• Given information:
# # #

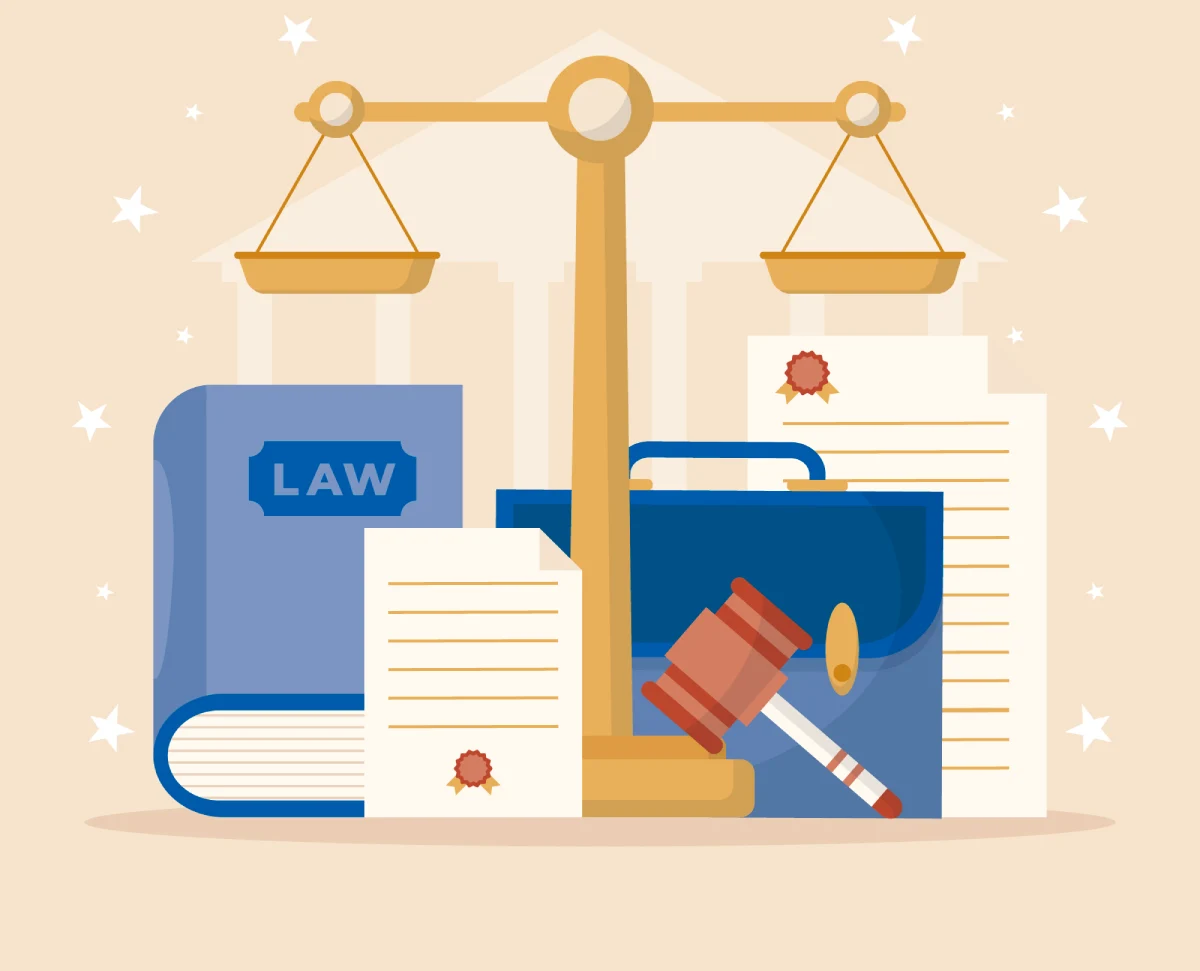 Right To Property Is A Legal Right Or Constitutional Right Right To Property Is A Legal Right Or Constitutional Right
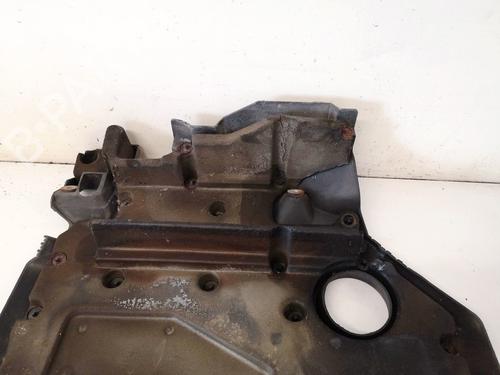 Upper protection NISSAN ALMERA II Hatchback (N16) 2.2 Di | BP35481871M93 - Image 3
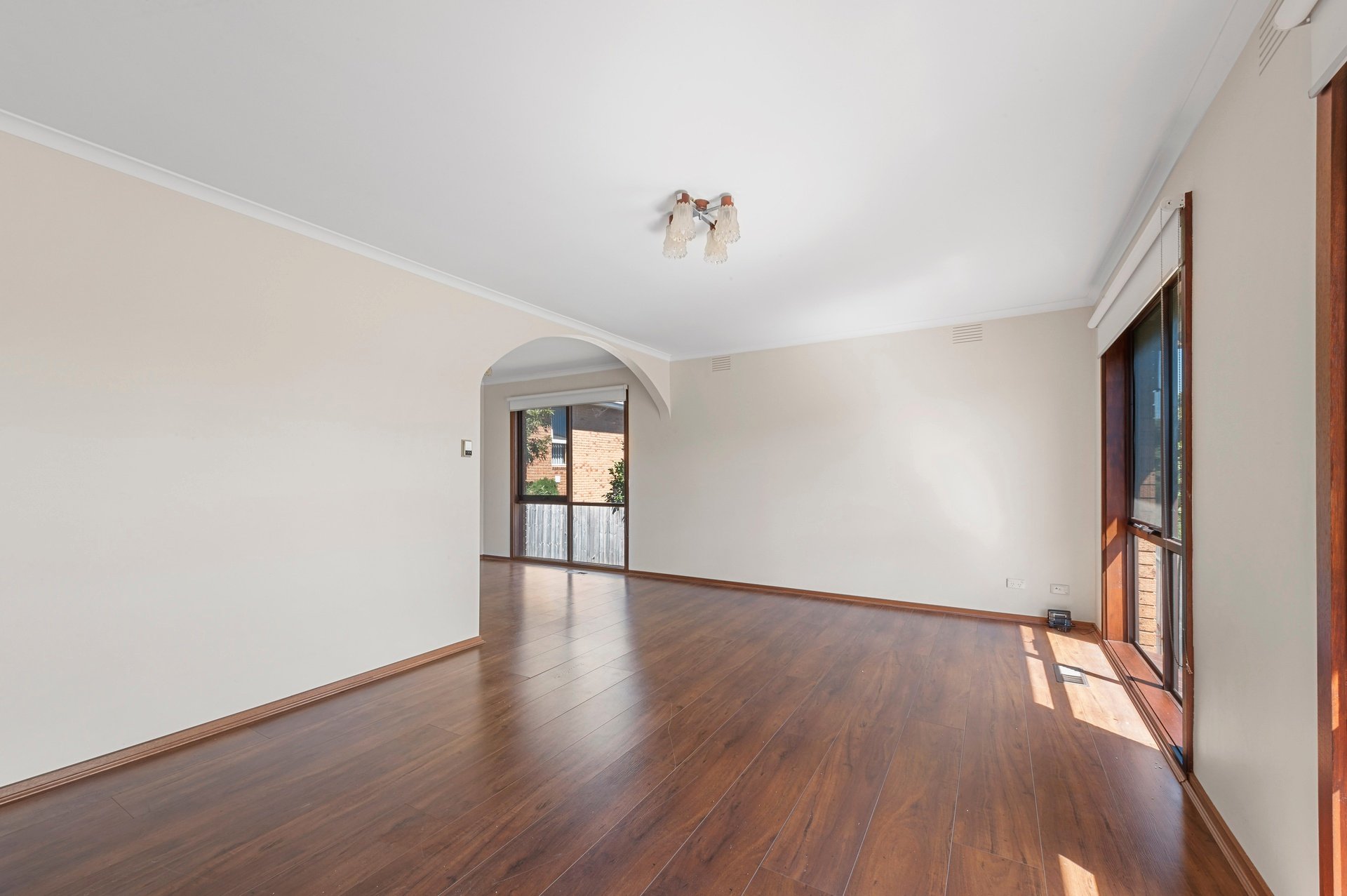 94 Tunstall Road, Donvale image 2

# # #

• What you have to do: Write the listing out exactly, apart from its pictures.

• Written solution:
 Right To Property Is A Legal Right Or Constitutional Right Right To Property Is A Legal Right Or Constitutional Right
 Upper protection NISSAN ALMERA II Hatchback (N16) 2.2 Di | BP35481871M93 - Image 3
 94 Tunstall Road, Donvale image 2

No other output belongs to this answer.